The Fair Labor Standards Act, a federal law that was passed in 1938, set up many of the employment standards that we now take for granted, like the minimum wage and overtime pay. But the Act also recognizes that not all employees are the same and that some may not have to follow all the rules.
Here is a full list of employees that exempt from the minimum wage, along with the qualifications they need to meet:
- Executive workers, Administrative workers, and Learned and creative professionals paid on a salary basis and earning at least $684 per week.
- Computer employees earning at least $684 per week or $27.63 per hour
- Highly compensated employees earning $107,432 or more annually
- Outside sales employees with no minimum salary requirement
- Tipped employees
- Underage individuals
It’s important to note that these exemptions do not apply to “blue-collar” workers, police officers, firefighters, paramedics, rescue workers, and similar employees. These employees are entitled to the minimum wage as regulated by the FLSA.
The Fair Labor Standards Act (FLSA) permits the employment of specific individuals at wage rates that are lower than the minimum wage called the subminimum wage. This type of employment is aimed at preventing certain individuals from losing employment opportunities and requires certificates from the Wage and Hour Division of the Department of Labor. Categories qualified for these wage rates include student-learners engaged in vocational education and full-time students working in retail, service establishments, agriculture, or higher educational institutions. Individuals with physical or mental disabilities, including age or injury-related impairments, that affect their earning or productive capability for the job also qualify.
What is the Payment Due Date in Florida?
Employers in the state of Florida have the flexibility to set their own payment schedules, as the state does not have any laws regulating how often employees must be paid. Despite the lack of state laws pertaining to payment frequency, common frequency schemes in the US include:
- Once per week – 52 paychecks per year
- Every two weeks – 26 paychecks per year
- Twice a month – 24 paychecks per year
- Once a month – 12 paychecks per year
Why not use Jibble’s time-tracking software to monitor your work hours and guarantee accurate payments?
What Are Florida Overtime Laws?
Nonexempt employees in Florida must be paid overtime at the federal rate of one and a half (1.5) times their regular hourly pay for any hours worked beyond 40 in a week, as there are no specific state laws regulating overtime working. When it comes to holidays, weekends, or other scheduled days of rest, it is worth noting that employers are not obligated to provide overtime pay for work performed on these days according to the federal Fair Labor Standards Act (FLSA). Some employers, however, may choose to offer overtime pay for these days as an incentive to their employees.
What Are Overtime Exceptions and Exemptions in Florida?

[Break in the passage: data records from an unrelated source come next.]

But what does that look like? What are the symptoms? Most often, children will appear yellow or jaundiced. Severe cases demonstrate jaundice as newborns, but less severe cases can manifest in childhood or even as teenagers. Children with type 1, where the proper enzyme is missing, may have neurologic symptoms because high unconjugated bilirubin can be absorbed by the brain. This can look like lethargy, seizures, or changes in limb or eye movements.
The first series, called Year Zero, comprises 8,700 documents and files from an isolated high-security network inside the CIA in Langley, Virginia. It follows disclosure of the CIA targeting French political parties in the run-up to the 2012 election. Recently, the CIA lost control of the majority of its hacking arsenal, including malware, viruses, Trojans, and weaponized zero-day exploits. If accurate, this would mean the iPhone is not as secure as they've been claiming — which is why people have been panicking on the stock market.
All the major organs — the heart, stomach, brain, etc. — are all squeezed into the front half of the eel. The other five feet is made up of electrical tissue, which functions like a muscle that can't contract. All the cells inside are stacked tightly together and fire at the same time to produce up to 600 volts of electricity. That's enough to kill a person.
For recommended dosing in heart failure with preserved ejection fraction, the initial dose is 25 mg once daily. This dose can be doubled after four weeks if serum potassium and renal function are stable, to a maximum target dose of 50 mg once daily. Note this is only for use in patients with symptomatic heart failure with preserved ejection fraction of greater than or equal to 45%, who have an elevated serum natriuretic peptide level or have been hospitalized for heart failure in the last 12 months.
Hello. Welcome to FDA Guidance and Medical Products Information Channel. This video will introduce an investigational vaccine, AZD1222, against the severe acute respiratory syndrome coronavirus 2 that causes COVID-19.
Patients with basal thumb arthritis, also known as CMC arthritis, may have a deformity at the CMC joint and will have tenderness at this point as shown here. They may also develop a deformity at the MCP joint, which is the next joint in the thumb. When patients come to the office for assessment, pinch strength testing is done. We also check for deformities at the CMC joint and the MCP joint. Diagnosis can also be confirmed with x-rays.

In the state of Florida, certain occupations are exempt from overtime pay requirements. These exemptions are outlined by the Fair Labor Standards Act (FLSA) and include:
- Executives, administrative, computer employees, and learned and creative professionals compensated on a salary basis and earning at least $684 per week
- Highly compensated employees receiving a regular salary and making at least $107,432 annually, equivalently at least $684 weekly
- Outside sales employees and employees working varying schedules using the Fluctuating Workweek Method (FWW)

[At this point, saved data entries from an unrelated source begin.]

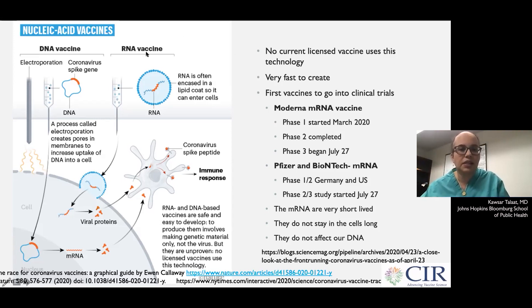The two vaccines both use RNA technology. This is a brand new technology that has been developed over the last couple of decades to respond quickly to emerging pandemic threats. There is no current licensed vaccine using this technology, but it's an incredibly fast technology to create. All you need is the sequence of the virus and you can plug it into the technology to make vaccines against it.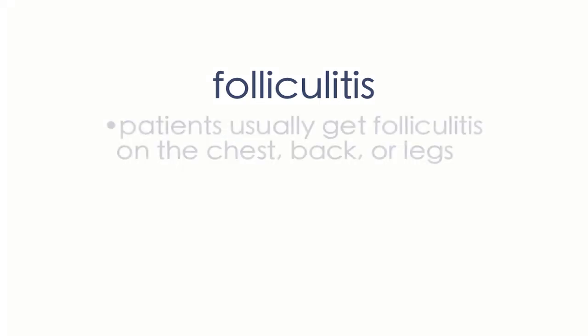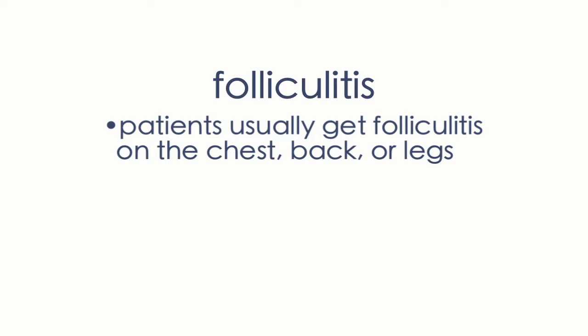Patients usually get folliculitis on the chest, back, legs — pretty much any area where you have more hair follicles. Patients generally report worsening of folliculitis in the summer months when it tends to be hot and when they're sweating more and when they wear tight-fitting clothing. There's even a type of folliculitis that occurs when you're in a hot tub.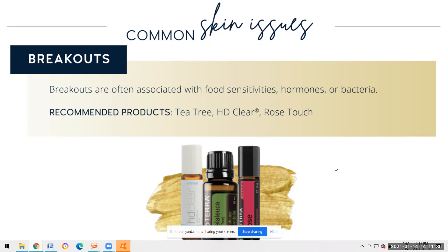Bacteria can come from using a dirty face cloth, or touching your face with uncleaned hands. For spot treatment, I really appreciate tea tree. HD Clear is part of one of our skincare lines, and rose touch is a heavy hitter for any kind of blemishes - you can apply it on a clean finger or roll it right on for spot treating acne.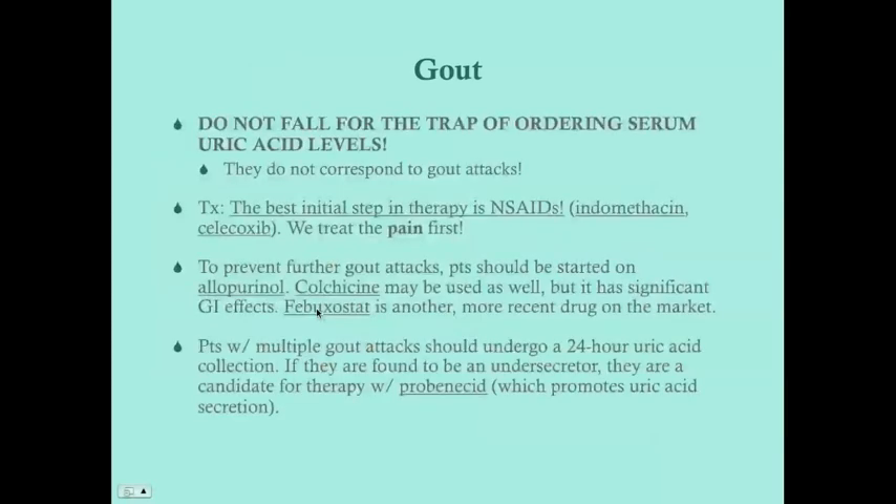What NOT to do when you think a patient has gout: do not order serum uric acid levels — that will be one of the wrong answers on a USMLE question. While most patients with gout do have high serum uric acid levels, the present level does not necessarily correspond to whether they are having a gout attack at that time. Uric acid level is not used for diagnosis; go right to arthrocentesis.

It’s important to note that these exemptions do not apply to “blue-collar” workers, police officers, firefighters, paramedics, rescue workers, and similar employees. These employees are entitled to overtime pay as regulated by the FLSA.

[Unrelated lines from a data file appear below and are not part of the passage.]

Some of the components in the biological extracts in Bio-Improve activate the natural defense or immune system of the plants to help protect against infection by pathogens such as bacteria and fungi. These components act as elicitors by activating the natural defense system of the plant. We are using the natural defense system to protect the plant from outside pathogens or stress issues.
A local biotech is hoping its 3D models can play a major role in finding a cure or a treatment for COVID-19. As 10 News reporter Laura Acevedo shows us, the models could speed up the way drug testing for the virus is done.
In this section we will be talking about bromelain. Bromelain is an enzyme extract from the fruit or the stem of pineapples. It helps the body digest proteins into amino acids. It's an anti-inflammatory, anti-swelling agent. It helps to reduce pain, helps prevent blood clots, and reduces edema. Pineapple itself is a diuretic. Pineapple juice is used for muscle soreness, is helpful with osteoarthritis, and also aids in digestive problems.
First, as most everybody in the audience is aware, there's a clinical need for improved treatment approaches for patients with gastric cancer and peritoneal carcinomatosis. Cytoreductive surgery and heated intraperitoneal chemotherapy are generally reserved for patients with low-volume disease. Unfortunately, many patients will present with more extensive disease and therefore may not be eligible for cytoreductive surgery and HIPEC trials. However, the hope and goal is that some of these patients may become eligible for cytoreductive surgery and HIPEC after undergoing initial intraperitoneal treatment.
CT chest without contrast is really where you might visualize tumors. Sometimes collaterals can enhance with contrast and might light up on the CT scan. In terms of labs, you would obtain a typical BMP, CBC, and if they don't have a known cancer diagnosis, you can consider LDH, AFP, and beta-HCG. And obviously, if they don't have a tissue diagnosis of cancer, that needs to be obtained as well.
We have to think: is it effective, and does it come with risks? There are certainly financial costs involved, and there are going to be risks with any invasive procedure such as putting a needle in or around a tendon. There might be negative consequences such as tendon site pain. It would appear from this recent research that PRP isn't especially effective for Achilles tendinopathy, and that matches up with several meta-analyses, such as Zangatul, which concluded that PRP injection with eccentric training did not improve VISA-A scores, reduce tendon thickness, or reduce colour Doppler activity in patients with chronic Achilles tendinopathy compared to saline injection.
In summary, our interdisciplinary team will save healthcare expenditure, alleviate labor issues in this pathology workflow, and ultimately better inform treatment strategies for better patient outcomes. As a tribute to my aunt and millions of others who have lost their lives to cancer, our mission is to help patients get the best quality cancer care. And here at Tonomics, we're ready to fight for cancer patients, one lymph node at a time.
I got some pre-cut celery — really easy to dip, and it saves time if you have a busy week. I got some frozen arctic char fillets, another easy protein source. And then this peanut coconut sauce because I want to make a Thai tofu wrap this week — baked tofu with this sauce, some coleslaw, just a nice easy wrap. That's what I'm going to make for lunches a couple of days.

In the state of Florida, the Fluctuating Workweek Method, also known as “Chinese overtime”, is a way for salaried employees to receive an overtime premium of one-half (0.5) times their regular hourly rate. This means an employee who has a fixed salary and whose workweek varies is entitled to this overtime rate.
What Are Florida Time Off/Break Laws?
Employers in Florida are not required by state law or federal law to provide their employees with any rest breaks through the workday or during the 8-hour shift. Meal breaks, for adult employees, are also not mandated according to the law.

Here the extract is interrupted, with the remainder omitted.